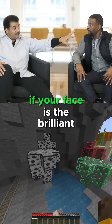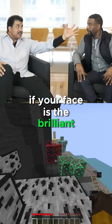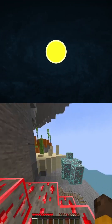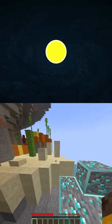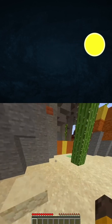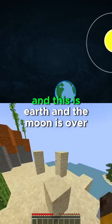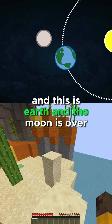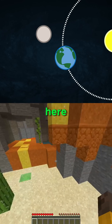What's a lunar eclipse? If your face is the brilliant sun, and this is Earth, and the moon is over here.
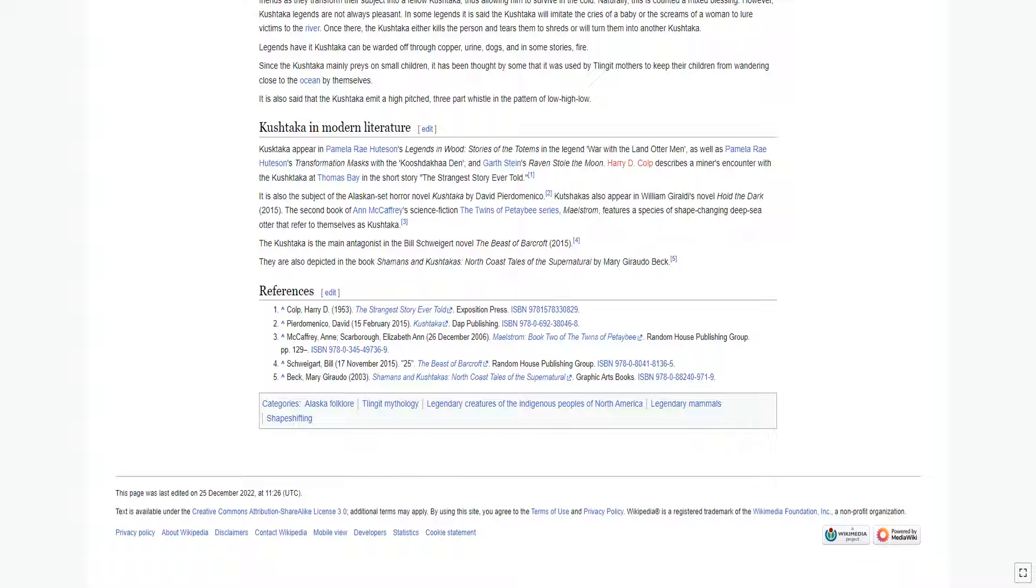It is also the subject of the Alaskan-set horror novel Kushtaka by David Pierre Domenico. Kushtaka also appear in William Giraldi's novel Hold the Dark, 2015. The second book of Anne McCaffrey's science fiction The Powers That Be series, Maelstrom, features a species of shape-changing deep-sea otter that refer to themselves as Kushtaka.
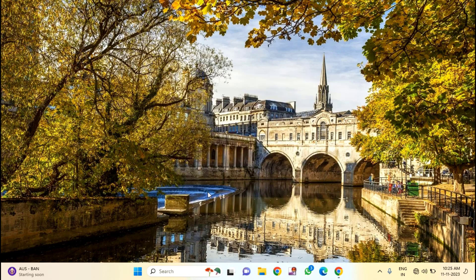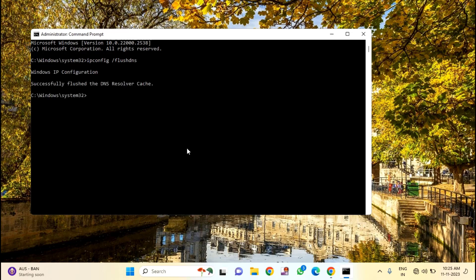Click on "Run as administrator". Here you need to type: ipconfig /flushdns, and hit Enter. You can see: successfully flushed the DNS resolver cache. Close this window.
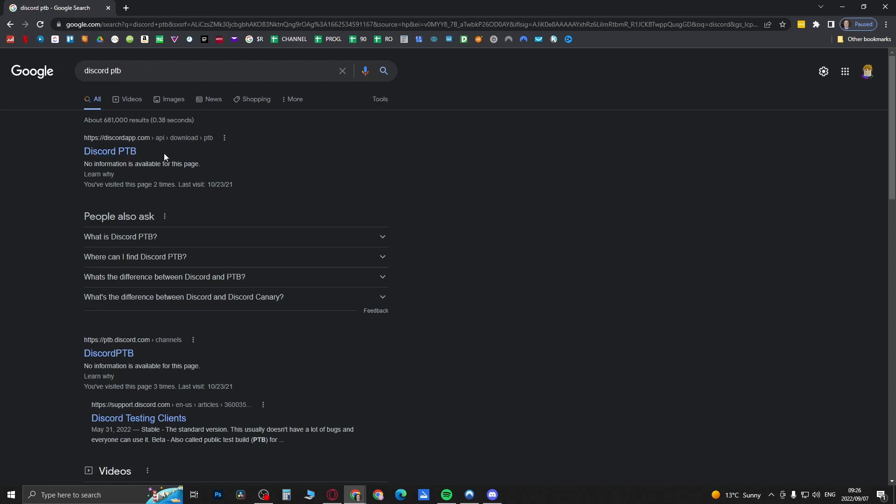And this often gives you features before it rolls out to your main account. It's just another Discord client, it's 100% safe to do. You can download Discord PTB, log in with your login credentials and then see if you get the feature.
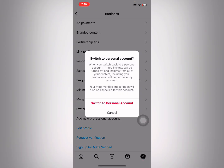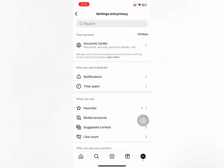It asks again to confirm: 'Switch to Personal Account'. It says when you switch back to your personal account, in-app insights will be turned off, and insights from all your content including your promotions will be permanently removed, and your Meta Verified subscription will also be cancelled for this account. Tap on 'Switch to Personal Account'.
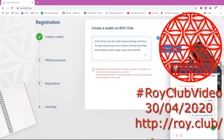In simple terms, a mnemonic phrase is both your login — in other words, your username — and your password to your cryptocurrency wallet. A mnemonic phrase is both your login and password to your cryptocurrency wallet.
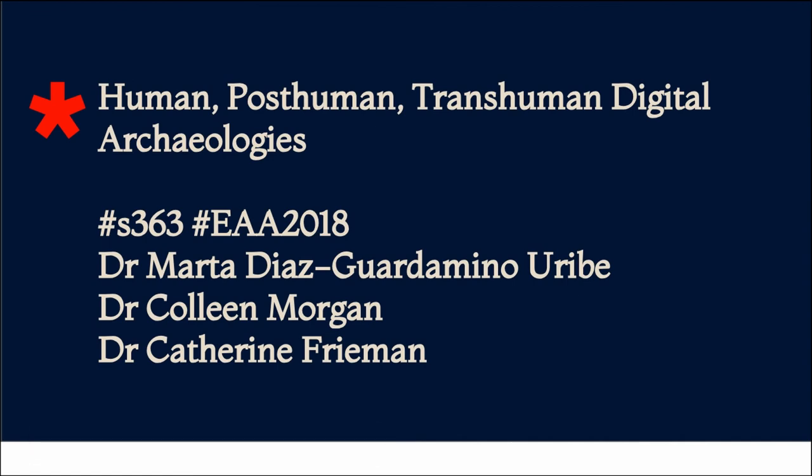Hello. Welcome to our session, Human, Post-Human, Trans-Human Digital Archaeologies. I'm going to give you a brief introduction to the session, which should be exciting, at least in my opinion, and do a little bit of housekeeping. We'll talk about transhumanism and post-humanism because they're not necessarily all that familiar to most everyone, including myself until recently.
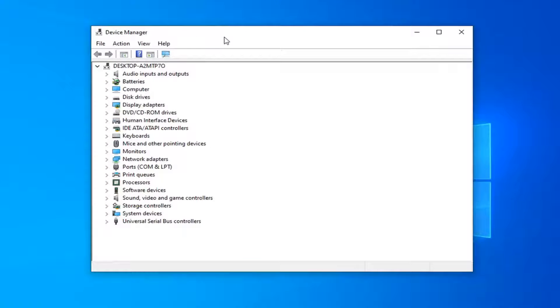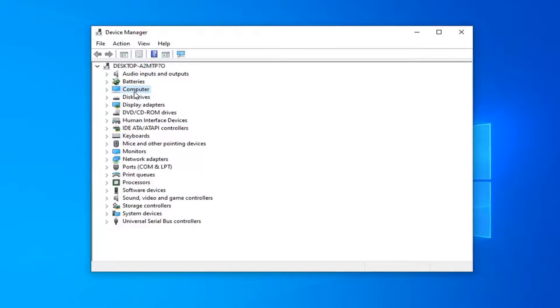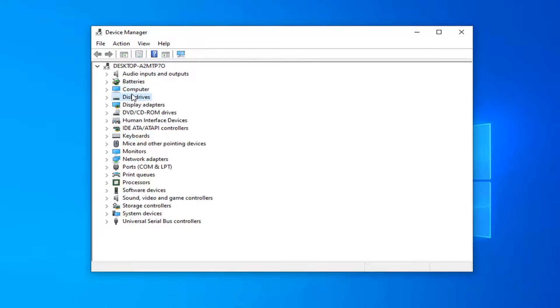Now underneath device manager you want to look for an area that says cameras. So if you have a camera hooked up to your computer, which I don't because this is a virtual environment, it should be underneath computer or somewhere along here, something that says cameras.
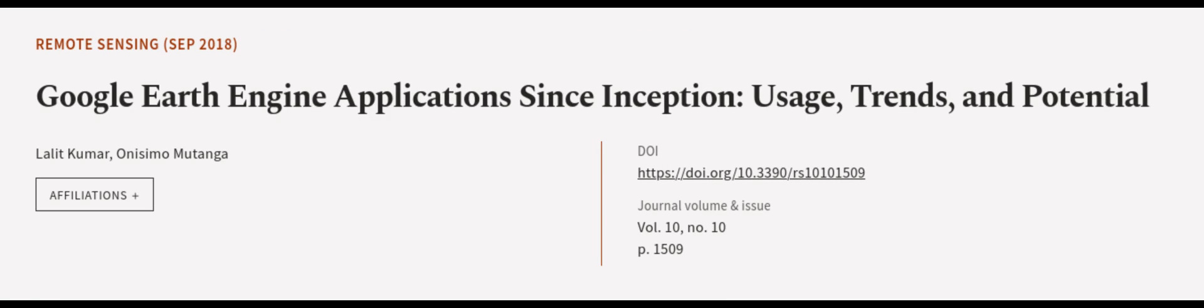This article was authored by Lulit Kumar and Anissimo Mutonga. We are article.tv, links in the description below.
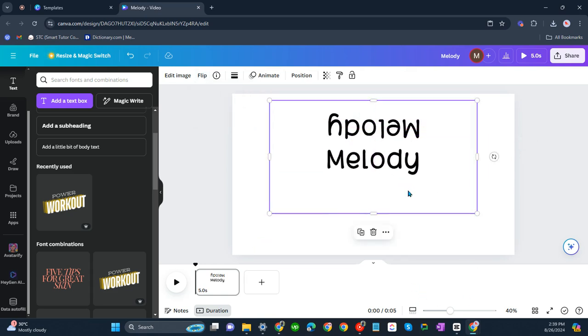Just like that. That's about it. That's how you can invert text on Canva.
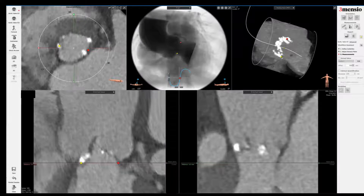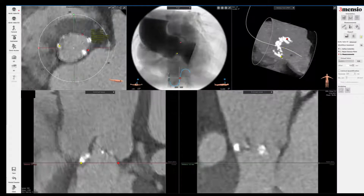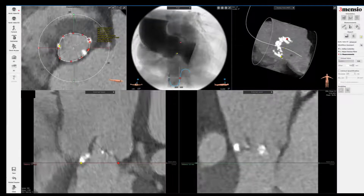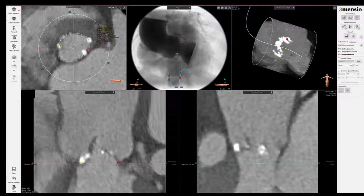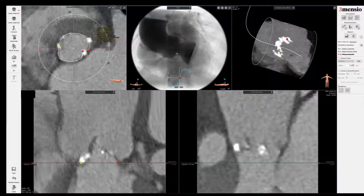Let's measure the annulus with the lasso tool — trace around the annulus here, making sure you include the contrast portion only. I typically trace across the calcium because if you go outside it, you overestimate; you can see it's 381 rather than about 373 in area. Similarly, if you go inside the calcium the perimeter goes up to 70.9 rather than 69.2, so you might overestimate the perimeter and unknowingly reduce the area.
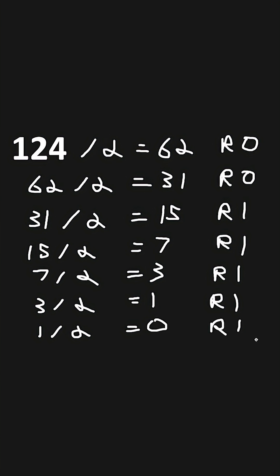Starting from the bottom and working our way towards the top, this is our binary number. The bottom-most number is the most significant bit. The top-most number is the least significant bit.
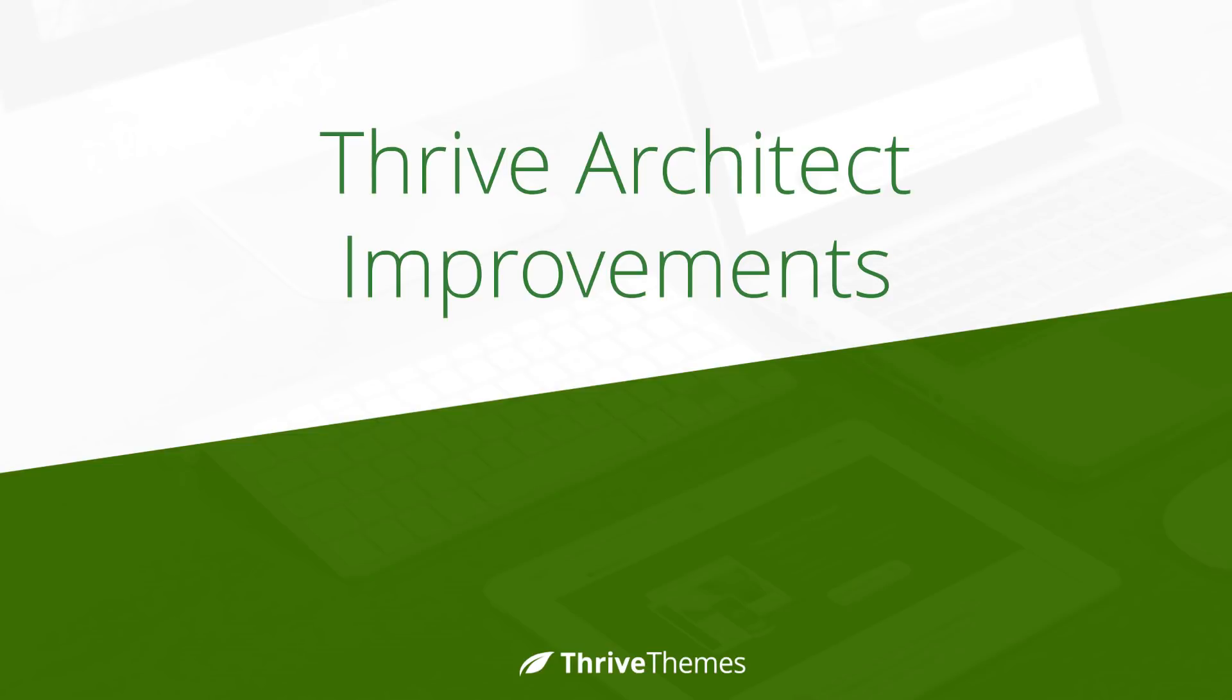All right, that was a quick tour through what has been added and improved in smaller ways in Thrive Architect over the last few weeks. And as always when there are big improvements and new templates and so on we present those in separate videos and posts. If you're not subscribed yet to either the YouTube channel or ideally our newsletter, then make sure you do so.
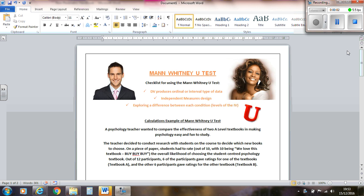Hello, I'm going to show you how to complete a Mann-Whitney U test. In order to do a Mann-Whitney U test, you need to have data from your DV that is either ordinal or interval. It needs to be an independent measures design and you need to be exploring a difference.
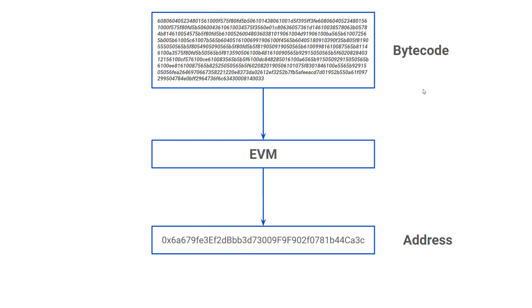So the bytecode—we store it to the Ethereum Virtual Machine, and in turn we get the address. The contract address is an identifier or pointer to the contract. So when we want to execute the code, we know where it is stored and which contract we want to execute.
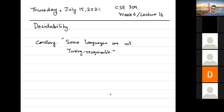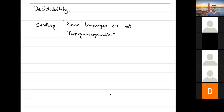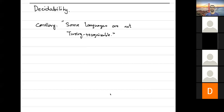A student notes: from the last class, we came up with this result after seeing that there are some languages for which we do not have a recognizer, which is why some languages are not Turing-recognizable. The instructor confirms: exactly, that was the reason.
....
[EXERCISE DESCRIPTION]: Drop the pictures and reproduce the rest of the data above exactly.

[ANSWER TO THIS TASK]:
What's a lunar eclipse? If your face is the brilliant sun, and this is Earth, and the moon is over here.
It is also the subject of the Alaskan-set horror novel Kushtaka by David Pierre Domenico. Kushtaka also appear in William Giraldi's novel Hold the Dark, 2015. The second book of Anne McCaffrey's science fiction The Powers That Be series, Maelstrom, features a species of shape-changing deep-sea otter that refer to themselves as Kushtaka.
Click on "Run as administrator". Here you need to type: ipconfig /flushdns, and hit Enter. You can see: successfully flushed the DNS resolver cache. Close this window.
And this often gives you features before it rolls out to your main account. It's just another Discord client, it's 100% safe to do. You can download Discord PTB, log in with your login credentials and then see if you get the feature.
It asks again to confirm: 'Switch to Personal Account'. It says when you switch back to your personal account, in-app insights will be turned off, and insights from all your content including your promotions will be permanently removed, and your Meta Verified subscription will also be cancelled for this account. Tap on 'Switch to Personal Account'.
In simple terms, a mnemonic phrase is both your login — in other words, your username — and your password to your cryptocurrency wallet. A mnemonic phrase is both your login and password to your cryptocurrency wallet.
Hello. Welcome to our session, Human, Post-Human, Trans-Human Digital Archaeologies. I'm going to give you a brief introduction to the session, which should be exciting, at least in my opinion, and do a little bit of housekeeping. We'll talk about transhumanism and post-humanism because they're not necessarily all that familiar to most everyone, including myself until recently.
Now underneath device manager you want to look for an area that says cameras. So if you have a camera hooked up to your computer, which I don't because this is a virtual environment, it should be underneath computer or somewhere along here, something that says cameras.
This article was authored by Lulit Kumar and Anissimo Mutonga. We are article.tv, links in the description below.
Just like that. That's about it. That's how you can invert text on Canva.
Let's measure the annulus with the lasso tool — trace around the annulus here, making sure you include the contrast portion only. I typically trace across the calcium because if you go outside it, you overestimate; you can see it's 381 rather than about 373 in area. Similarly, if you go inside the calcium the perimeter goes up to 70.9 rather than 69.2, so you might overestimate the perimeter and unknowingly reduce the area.
Starting from the bottom and working our way towards the top, this is our binary number. The bottom-most number is the most significant bit. The top-most number is the least significant bit.
All right, that was a quick tour through what has been added and improved in smaller ways in Thrive Architect over the last few weeks. And as always when there are big improvements and new templates and so on we present those in separate videos and posts. If you're not subscribed yet to either the YouTube channel or ideally our newsletter, then make sure you do so.
Hello, I'm going to show you how to complete a Mann-Whitney U test. In order to do a Mann-Whitney U test, you need to have data from your DV that is either ordinal or interval. It needs to be an independent measures design and you need to be exploring a difference.
So the bytecode—we store it to the Ethereum Virtual Machine, and in turn we get the address. The contract address is an identifier or pointer to the contract. So when we want to execute the code, we know where it is stored and which contract we want to execute.
A student notes: from the last class, we came up with this result after seeing that there are some languages for which we do not have a recognizer, which is why some languages are not Turing-recognizable. The instructor confirms: exactly, that was the reason.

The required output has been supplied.